Recorded information ->
----------
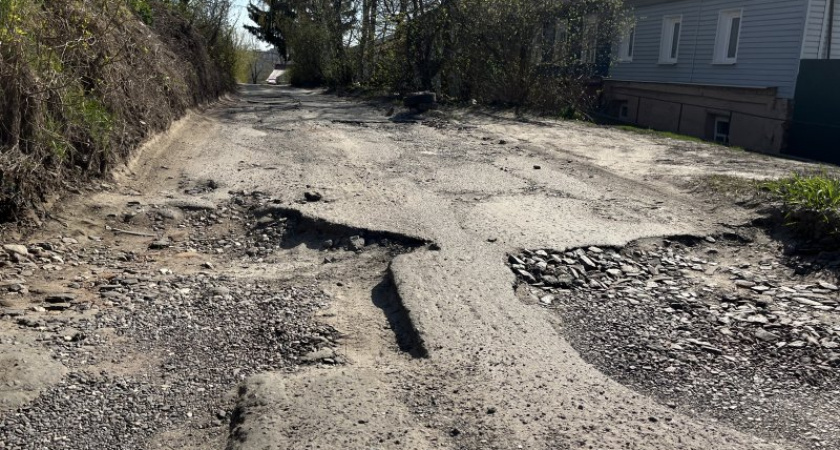 Курск лишится 200 миллионов рублей из бюджета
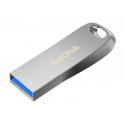 SanDisk Ultra Luxe - 64GB, USB 3.1, USB-A  ( SDCZ74-064G-G46 )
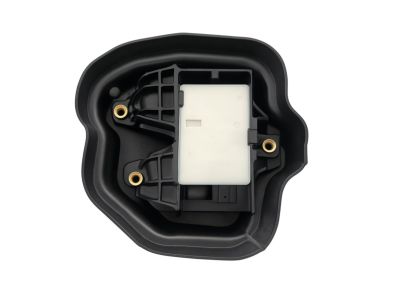 Acura 36932-TYA-A01 Bracket Assembly, R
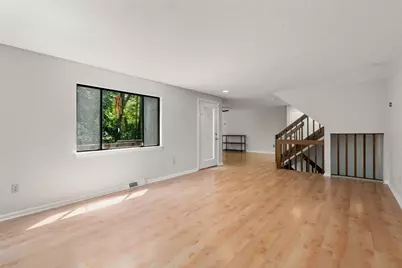19 Treetop Park #19, Westborough, MA 01581 - Photo 12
----------
Problem to solve -> Starting with the line that contains "SanDisk Ultra Luxe" and ending with the last line of the material, every line must be written out exactly; no other lines and no pictures are wanted.

Answer to the problem ->
 SanDisk Ultra Luxe - 64GB, USB 3.1, USB-A  ( SDCZ74-064G-G46 )
 Acura 36932-TYA-A01 Bracket Assembly, R
19 Treetop Park #19, Westborough, MA 01581 - Photo 12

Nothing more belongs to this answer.